Dataset records: Begin

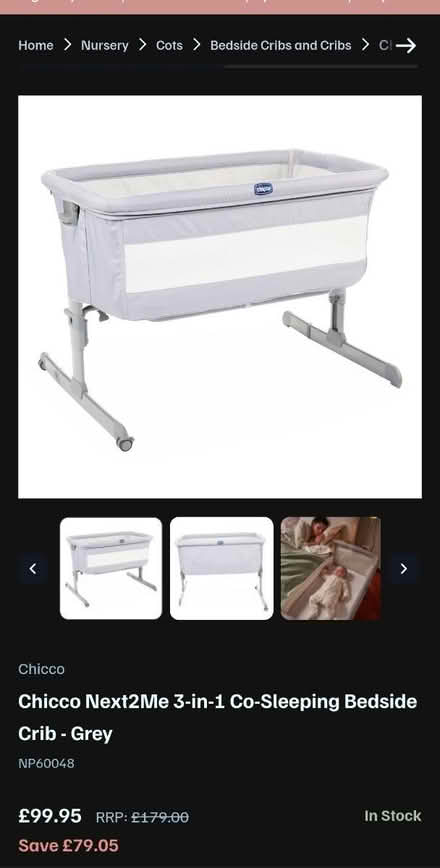 Photo of free Chicco Next2me Crib (Tunbridge Wells TN2) #1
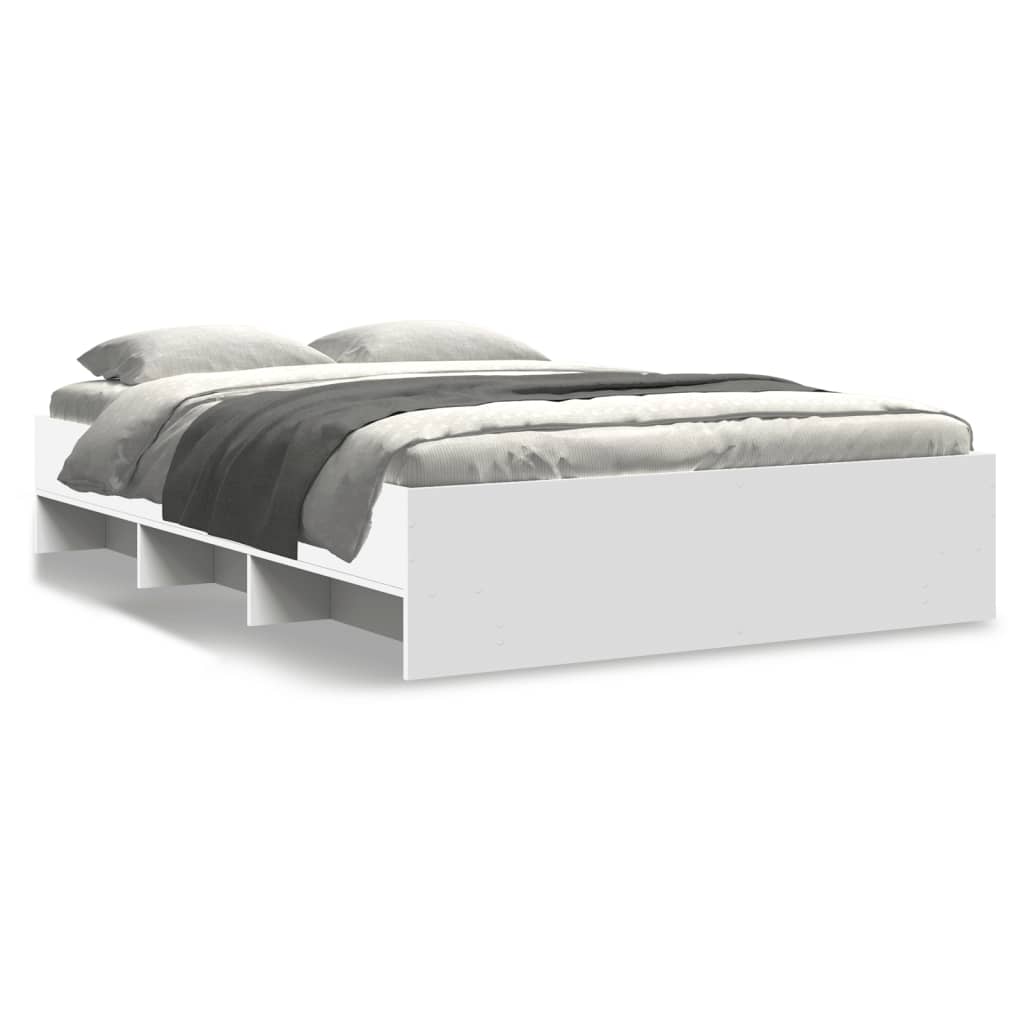 Sengeramme hvit 120x190 cm konstruert tre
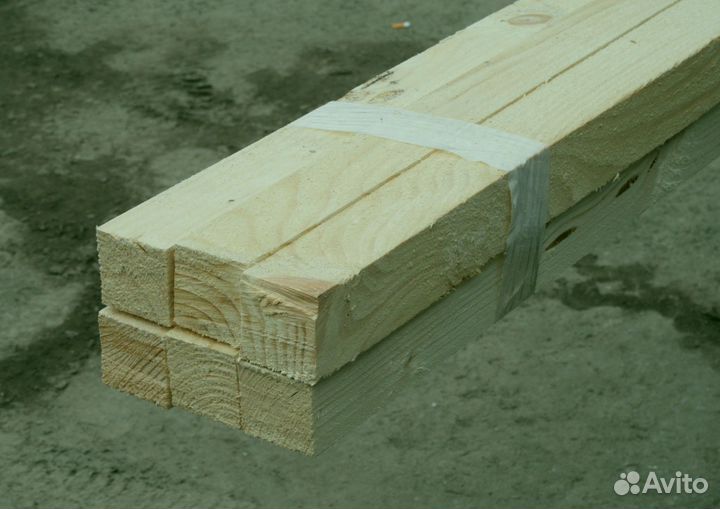 Брус 40X50 не строганный 3м 20 кг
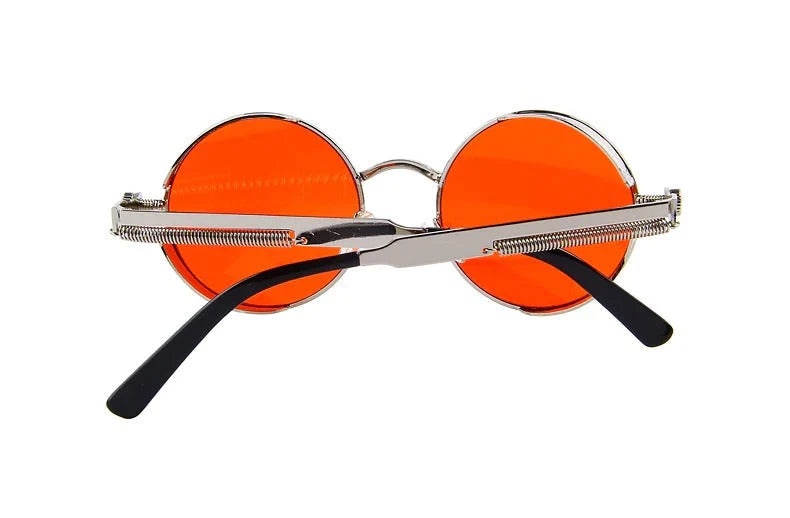 Vintage Steampunk Round Design Sunglasses for Women with UV400 Lenses - Women Sunglasses - DYAVOR®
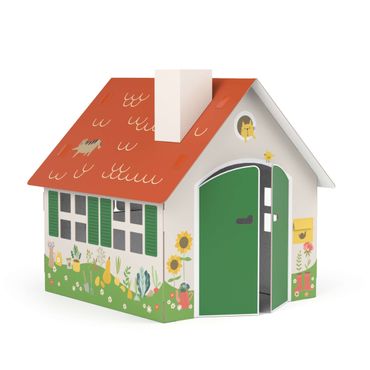 Maison en carton - Cabane de jardin XXL FOLDZILLA | micasia.fr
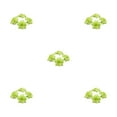 thumbnail image 2 of Destyer 50piece Multi-color Fabric For Wide Application In Weddings And Parties Realistic Appearance Soft Texture DIY Hats Light Green 4.5cm 5Set, 2 of 6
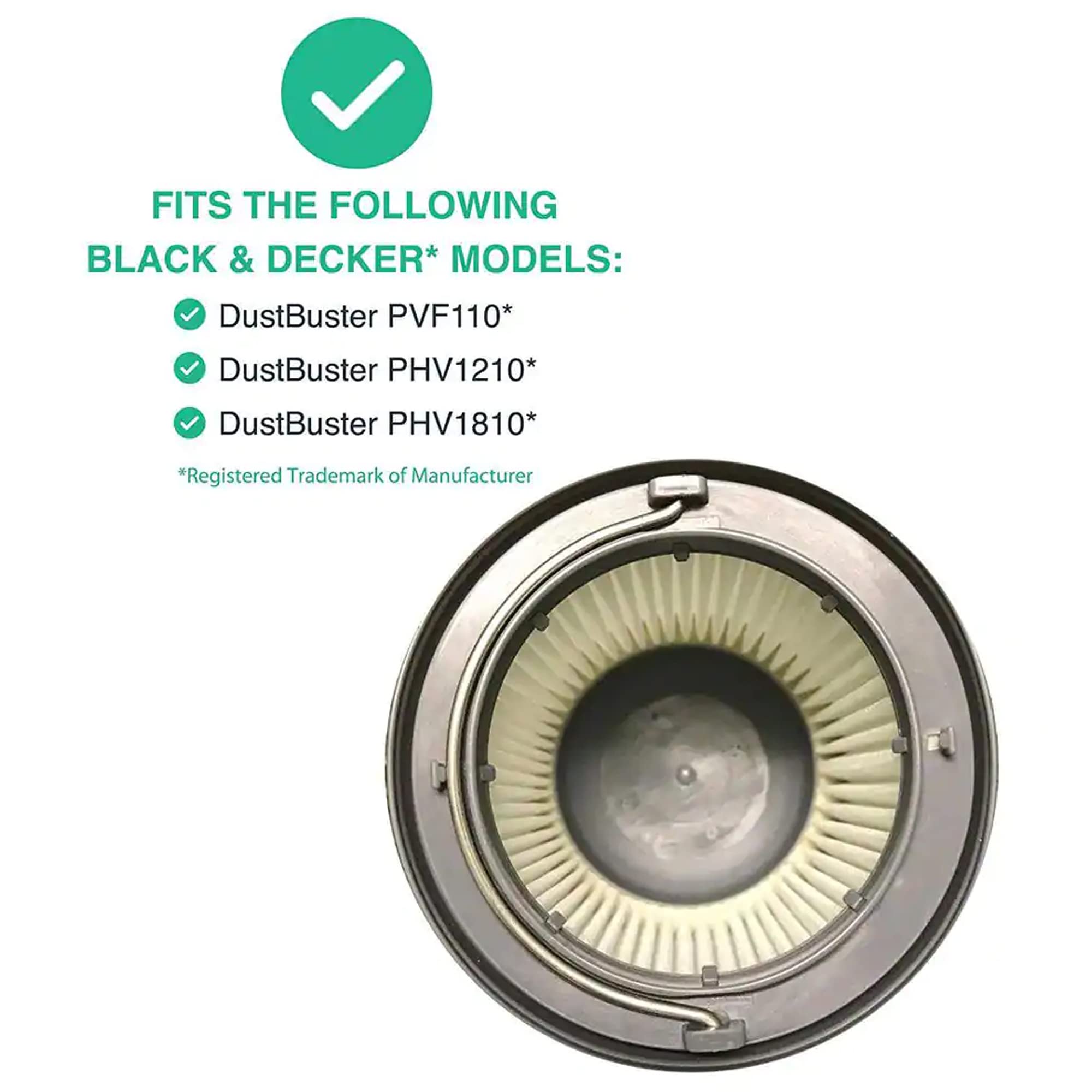Foto 4 pulgar | Filtro De Repuesto Black+decker Pvf110 Para Pivot Vac - Venta Internacional.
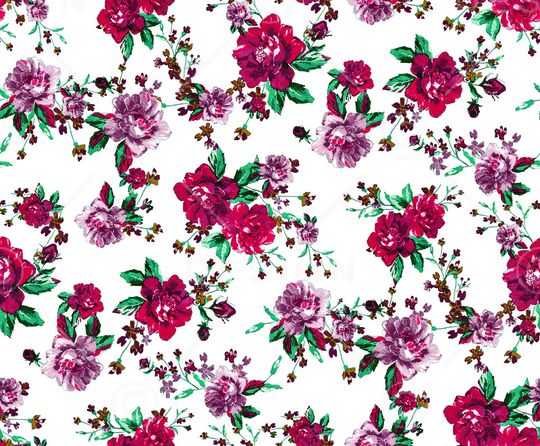 清爽底花卉印花华亿平台图片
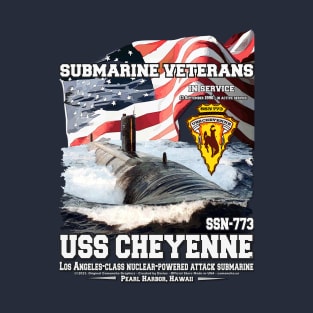 USS Cheyenne SSN-773 submarine Veterans T-Shirt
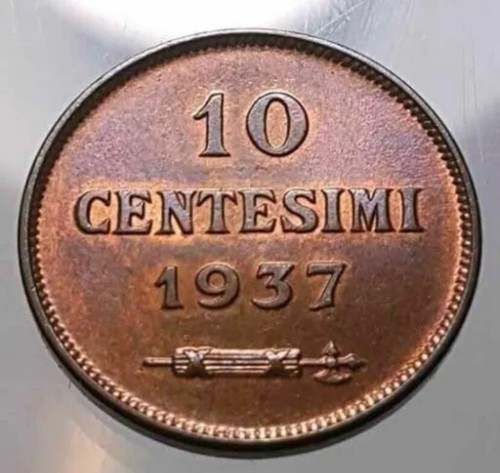 Centesimi 1937 san - centesimi, marino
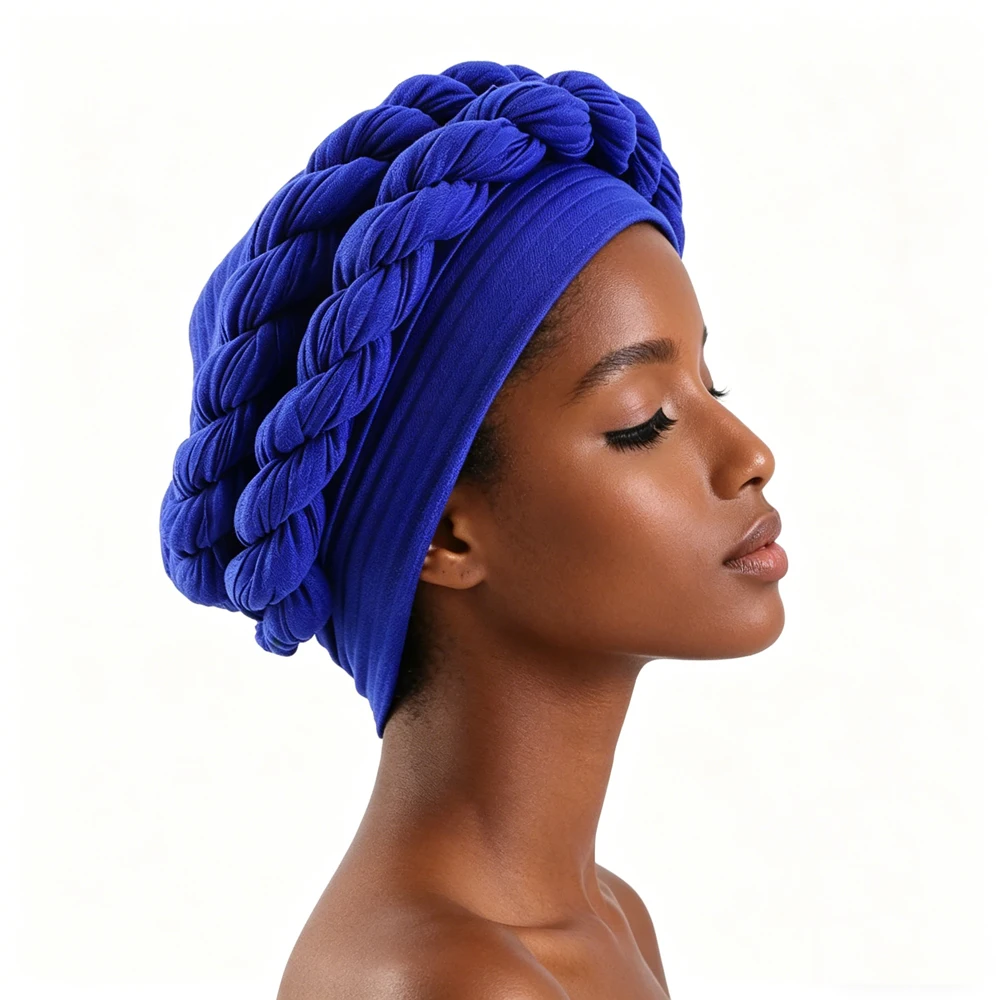 African Double Braids Turban Caps for Women Rippled Muslim Headwear Braid Hat Islamic Beanies Female Head Wrap Bonnet Turbante
African Double Braids Turban Caps for Women Rippled Muslim Headwear Braid Hat Islamic Beanies Female Head Wrap Bonnet Turbante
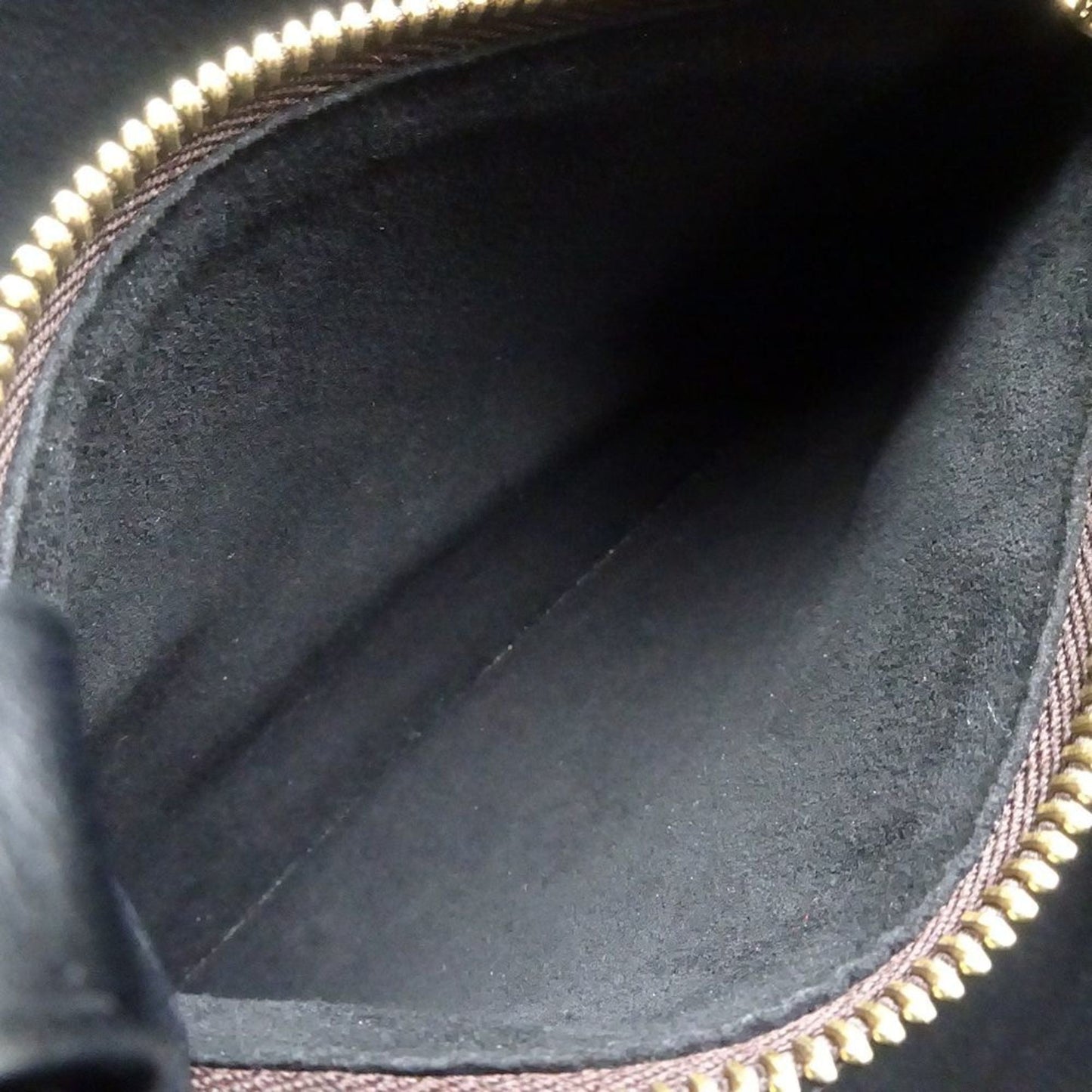 Louis Vuitton Brown Noir Monogram Shoulder Bag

Dataset records: End

> **Task item**
For the data above, set down exactly the lines from the line with "Брус 40X50 не строганный 3м 20 кг" to the line with "Maison en carton", both included, leaving pictures out.

> **Solution below**
 Брус 40X50 не строганный 3м 20 кг
 Vintage Steampunk Round Design Sunglasses for Women with UV400 Lenses - Women Sunglasses - DYAVOR®
 Maison en carton - Cabane de jardin XXL FOLDZILLA | micasia.fr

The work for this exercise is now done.